While the discussion around depression has changed in recent years, and people are more open about it’s existence, there is still a major disconnect between society’s perceptions and reality. According to statistics, roughly seven percent of all adults in the United States had a major depressive episode in the last year – that’s one out of every fourteen people. The odds are that someone you know and care about has depression. Remember to treat it like the disease it is. Give that person the same treatment you would give any other with a serious chronic illness. Don’t give out “inspirational” quotes. Remember, depression is a ceaseless rain and when you tell someone struggling that “happiness is a choice” you are standing next to them, comfortably under your umbrella, and not giving them any shelter. Instead, offer them space under your umbrella and listen. The most important thing you can do is let someone know that their feelings are valid, even if they “have nothing to be depressed about”.

I didn’t want to write a piece about depression. I thought it would be too boring – too “depressing.” My other symptoms are far more exciting (and writeable). I thought – and still worry – no one may care about the sluggishness and grossness of depression. But that’s precisely why I finally decided to write this piece. Depression is gross. It’s dirty and disgusting. It’s not showering, not eating, and living with dog feces. And omitting that part of my illness is doing myself and everyone who struggles with depression a disservice. Depression is exactly how Millay describes it: it neither stops nor starts, it’s slow and brown, and little matters. But that doesn’t mean it’s not important. I have made a conscious effort to try to tell the truth about depression. About its dirt, its mundanity, its boring nature. Because the details matter. Remember, those little things become big things. And big things can be fatal. Not caring about the small things that make up life can lead to not caring about life at all.
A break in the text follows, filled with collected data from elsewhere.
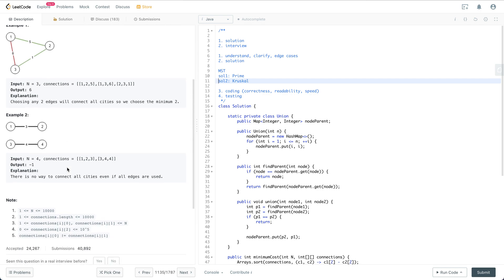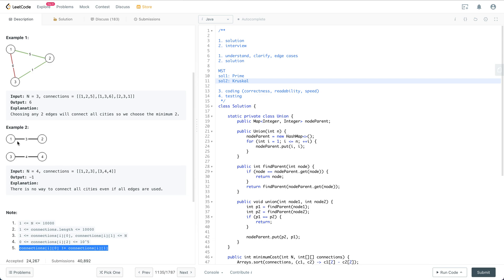Let's see the notes. n is anywhere between 1 to 10k, and connections can be anywhere between 1 to 10k. For each connection, it is never going to point to itself — there's no connection from 1 to 1 or 2 to 2. After understanding the problem and thinking about edge cases, I think there are not really any edge cases worth thinking about based on the description.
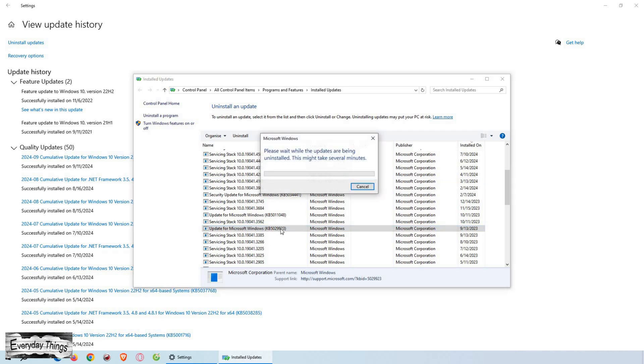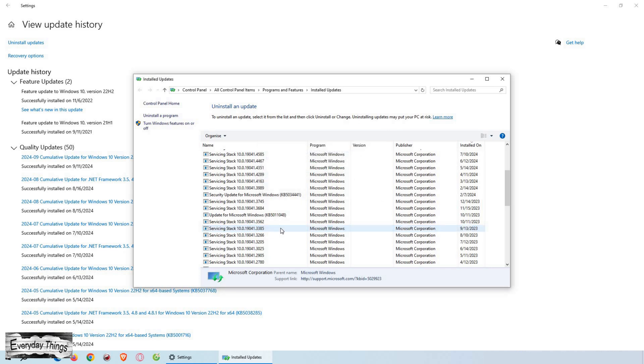And that's it. You've successfully uninstalled a Windows 10 update. Thanks for watching. Don't forget to like and subscribe for more helpful videos.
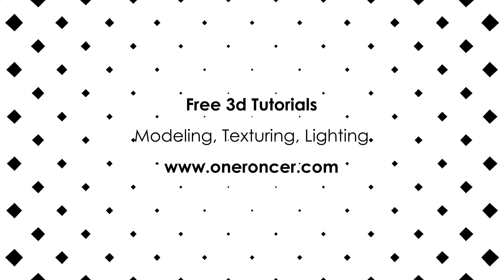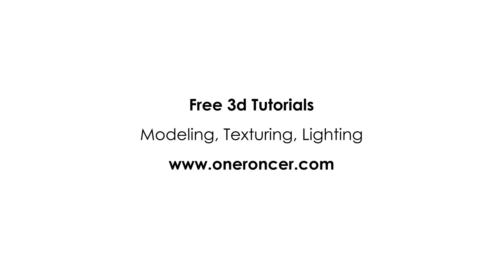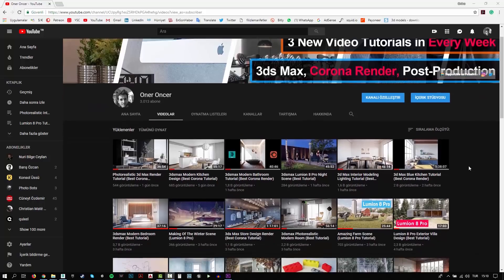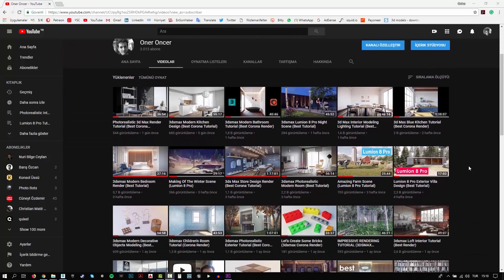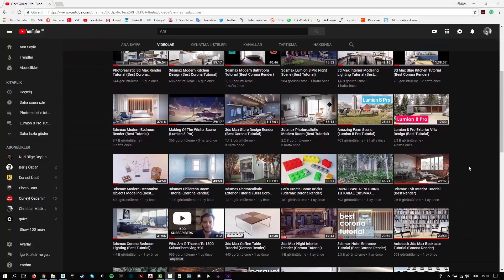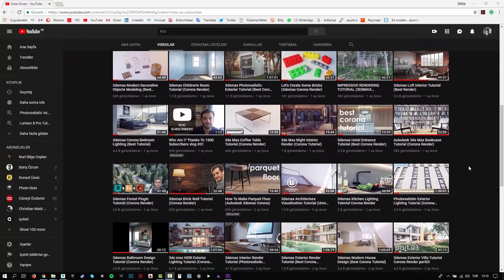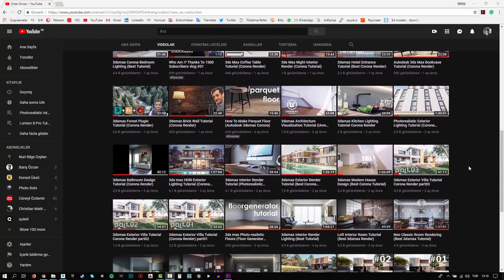Hi everyone, this is Aner. Welcome to my channel. In this channel, you can find a lot of tutorials. I try to teach 3D modeling, texturing, lighting and rendering.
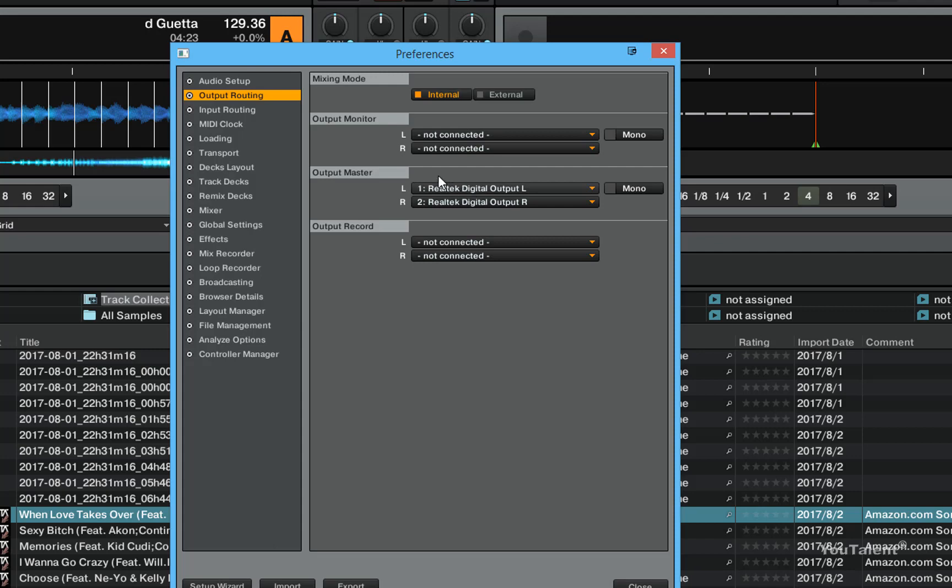I can also pick the output of my monitor which is basically the preview deck and where I can preview my sound. I can pick where this is routed and I can pick where I want the output of record channel to be routed.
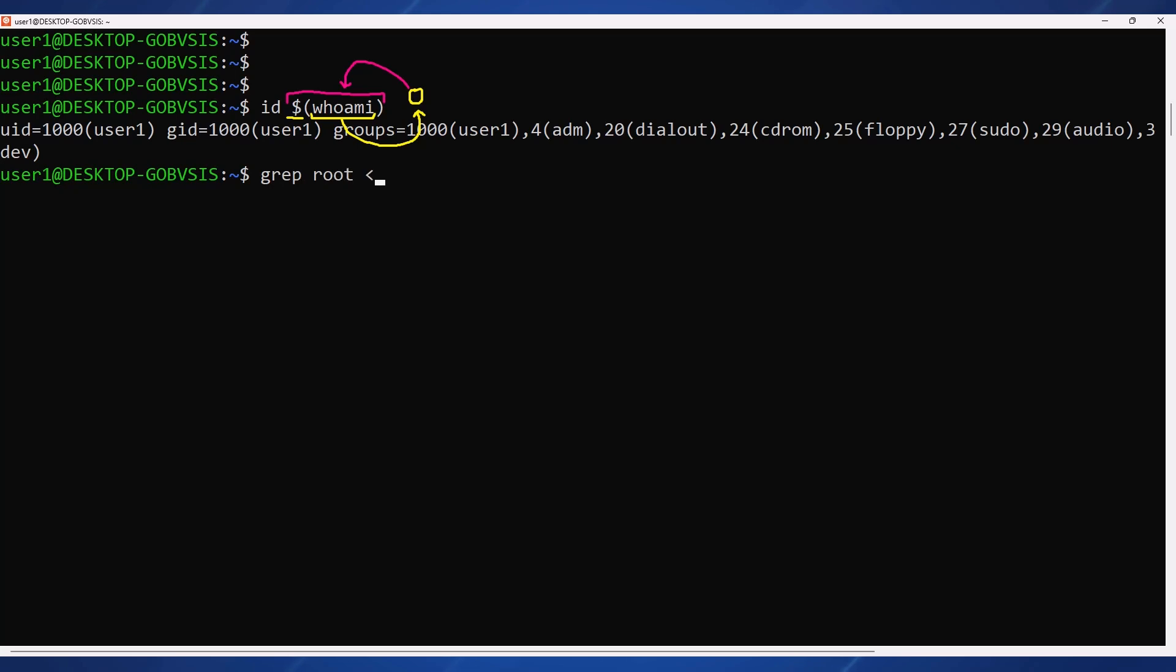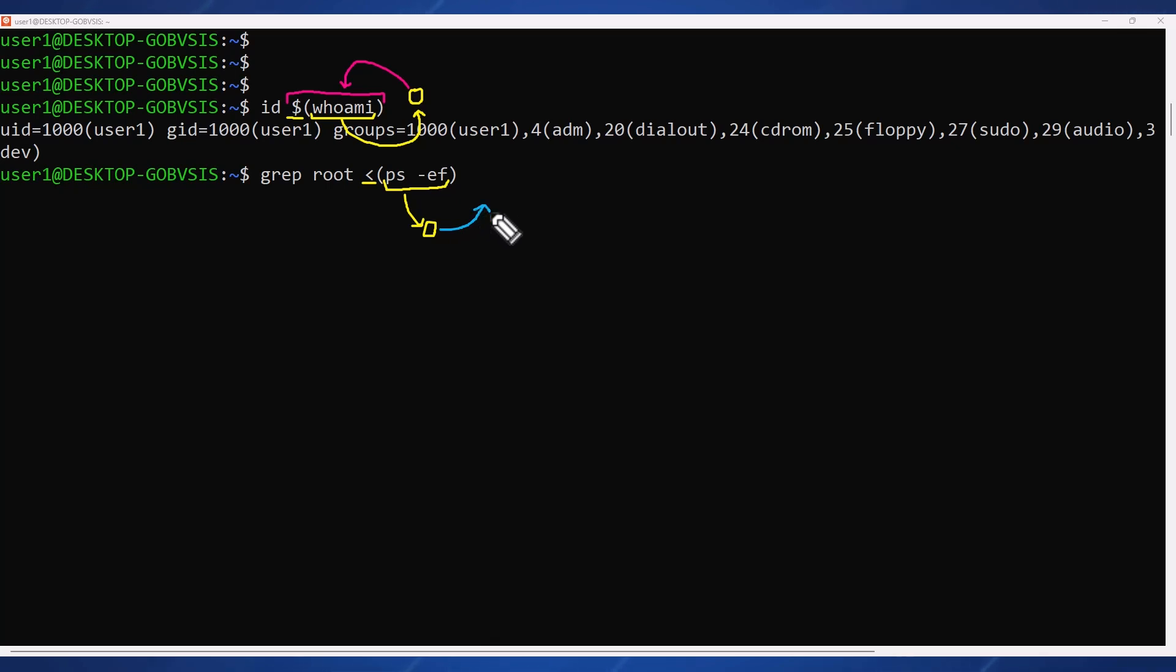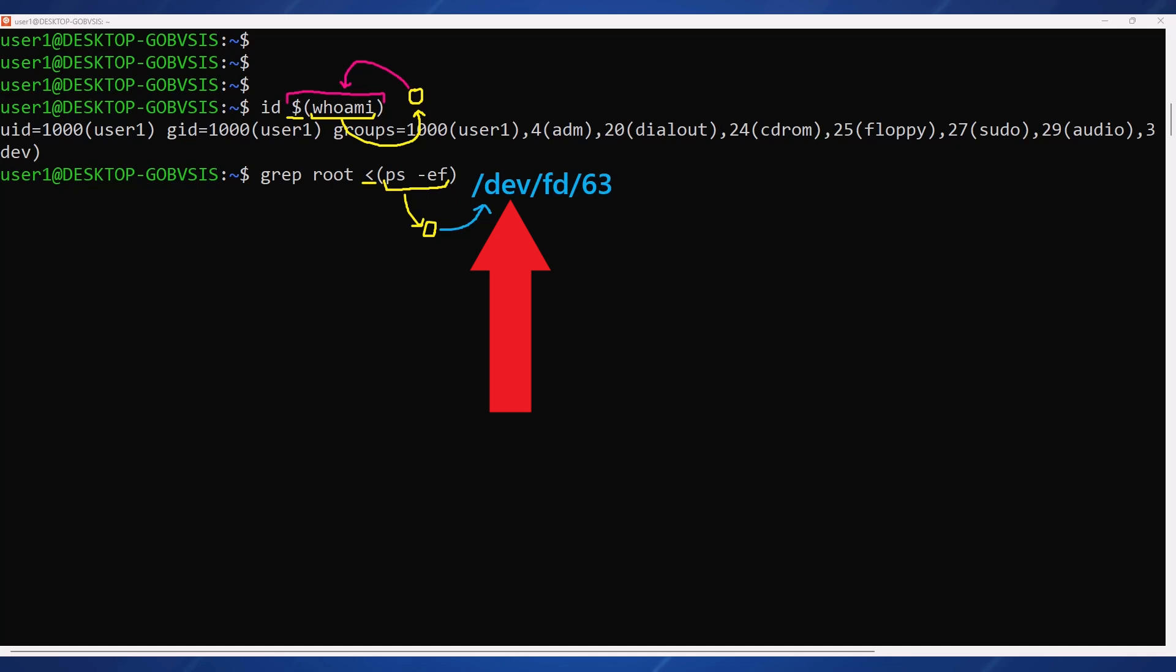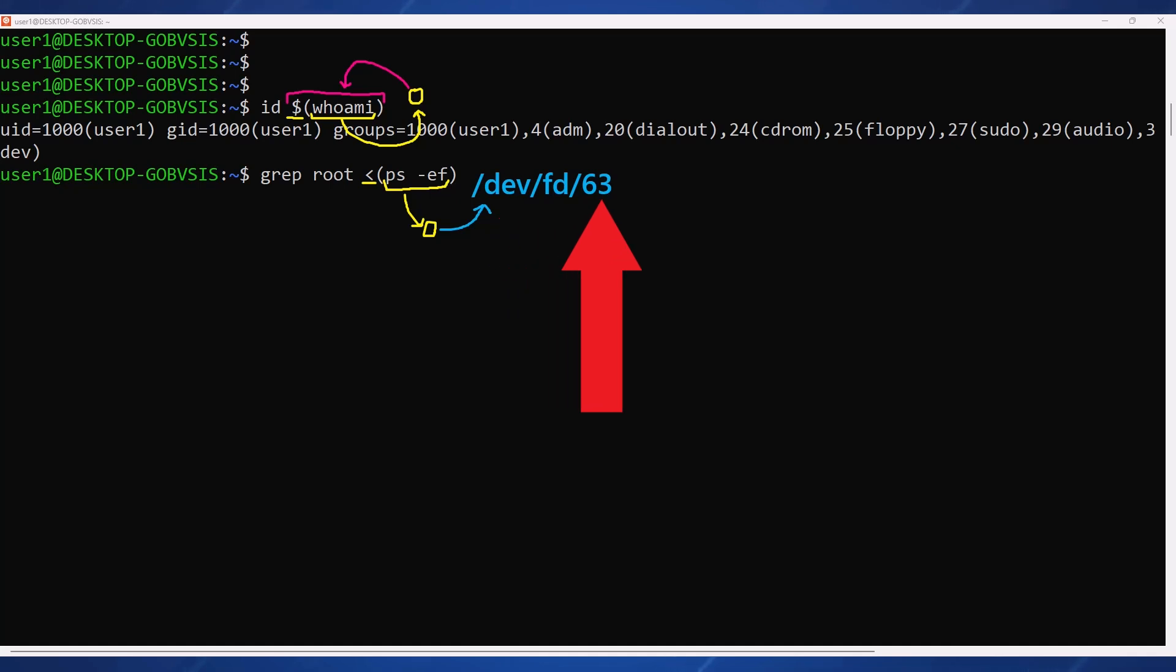Process substitution takes this a step further. Notice we are now using the less than sign. Everything in parentheses will still run in its own sub shell, but then that output is going to be placed into a temporary file, /dev/fd/random number. The shell then replaces this entire token with that file path.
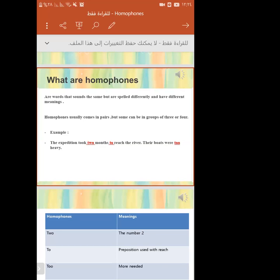Homophones usually come in pairs. I still don't understand. In that example, where are the homophones? Where are the homophones in that example?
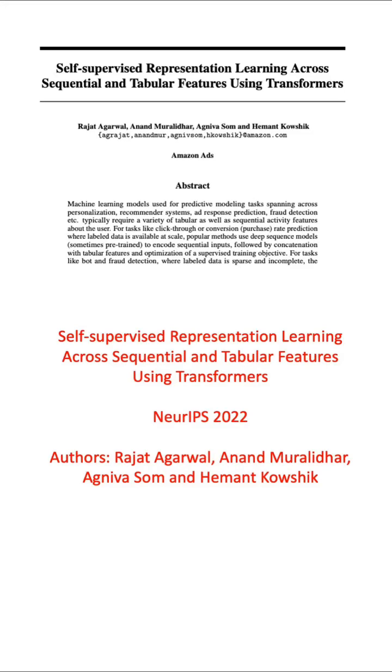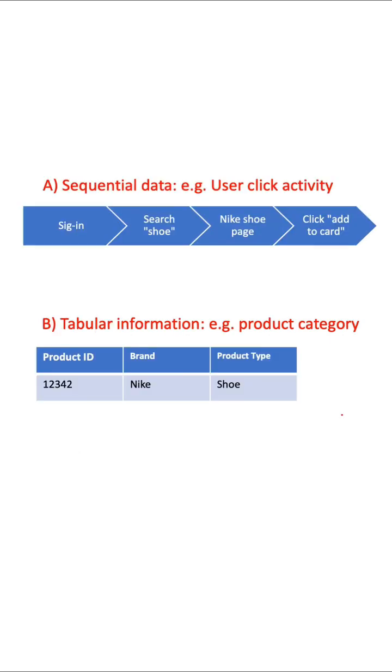The paper is Self-Supervised Representational Learning Across Sequential and Tabular Features Using Transformers. In many real-world use cases, the data comes in the form of a sequence of events, example clickstream data, and tabular information like product category or invoice amount.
I hope this helps someone. Or at the very least, helps someone understand depression a little better than before. People with depression feel stuck in place, just as Millay felt the same whether standing up or sitting down. They need help getting involved in life – to get outside and regain an interest in what gown or shoes they wear. The only way this can be done is for those who have it, those who treat it, and those who are affected by it, to talk about depression openly, honestly, and realistically. All of it.